**Available data:**
——————

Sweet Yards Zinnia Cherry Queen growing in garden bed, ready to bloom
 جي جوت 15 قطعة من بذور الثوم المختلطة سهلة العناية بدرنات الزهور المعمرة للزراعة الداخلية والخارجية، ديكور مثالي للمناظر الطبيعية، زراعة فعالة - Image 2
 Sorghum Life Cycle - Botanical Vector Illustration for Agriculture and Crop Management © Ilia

——————

**What to do:** Could you reproduce the data above exactly as given?

**Answer area:**
Sweet Yards Zinnia Cherry Queen growing in garden bed, ready to bloom
 جي جوت 15 قطعة من بذور الثوم المختلطة سهلة العناية بدرنات الزهور المعمرة للزراعة الداخلية والخارجية، ديكور مثالي للمناظر الطبيعية، زراعة فعالة - Image 2
 Sorghum Life Cycle - Botanical Vector Illustration for Agriculture and Crop Management © Ilia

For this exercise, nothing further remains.